#### [Prompt]
In the data below, find the line with "Чорний Порше Cayenne, об'ємом" and output it along with every later line, exactly, but not the pictures.

Data section below:

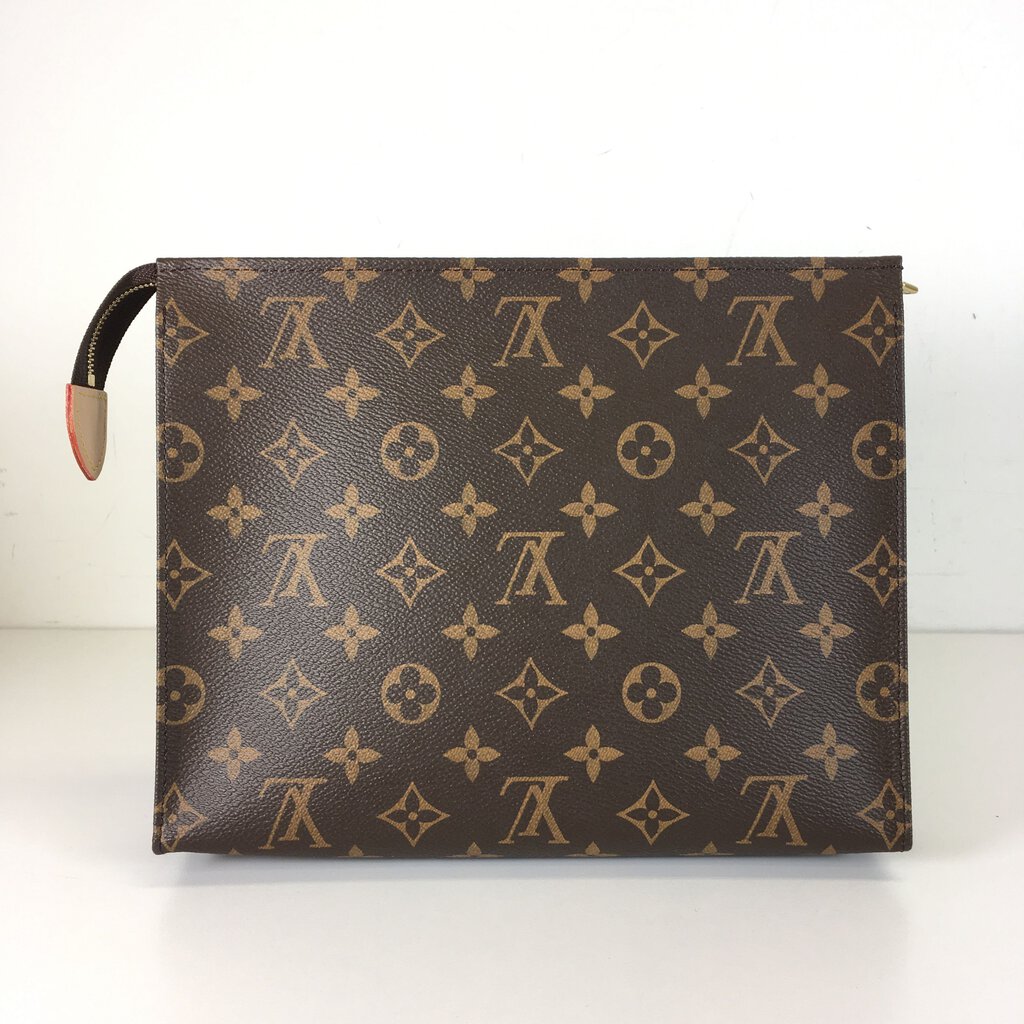 Louis Vuitton Toiletry 26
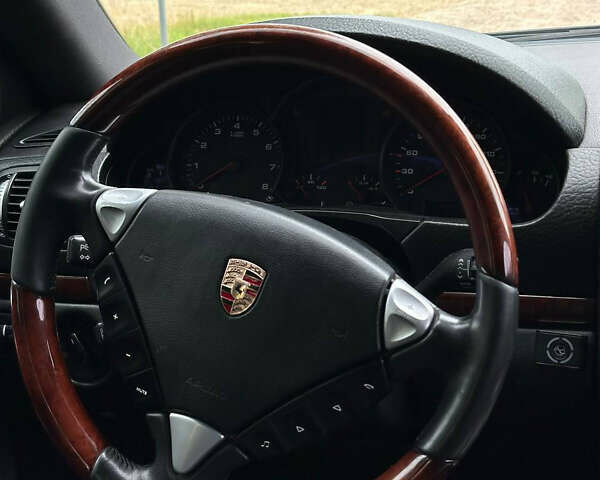 Чорний Порше Cayenne, об'ємом двигуна 3.6 л та пробігом 321 тис. км за 9500 $, фото 20 на Automoto.ua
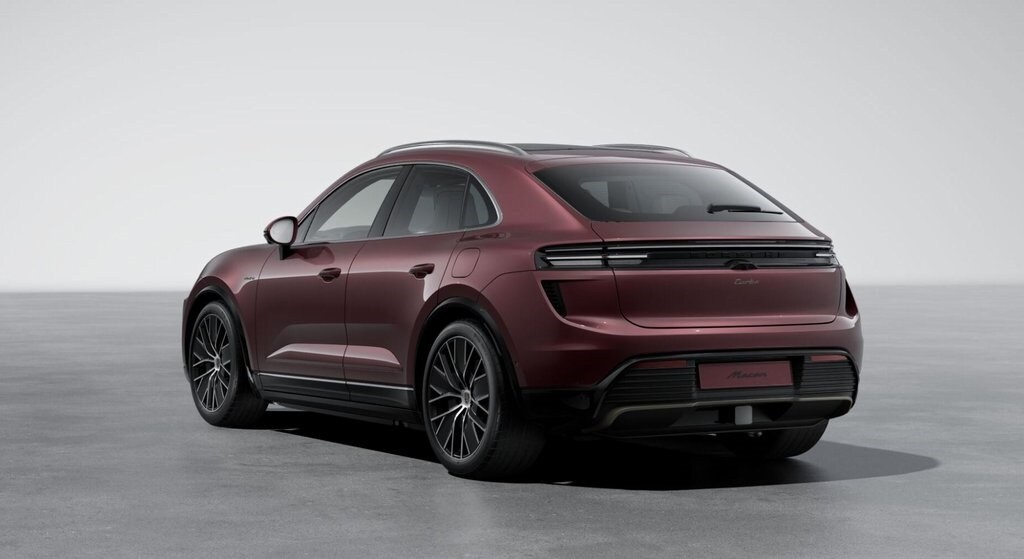2025 Porsche Macan Electric Turbo photo 3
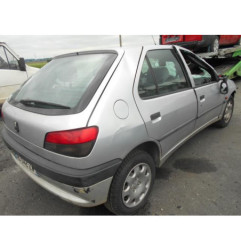 Bras essuie glace avant droit PEUGEOT 306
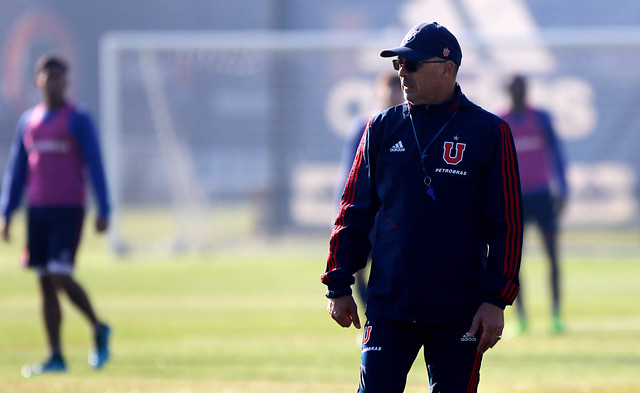 No va más: El director técnico Alfredo Arias fue despedido de la U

End of Data section.

#### [Problem solution]
 Чорний Порше Cayenne, об'ємом двигуна 3.6 л та пробігом 321 тис. км за 9500 $, фото 20 на Automoto.ua
2025 Porsche Macan Electric Turbo photo 3
 Bras essuie glace avant droit PEUGEOT 306
 No va más: El director técnico Alfredo Arias fue despedido de la U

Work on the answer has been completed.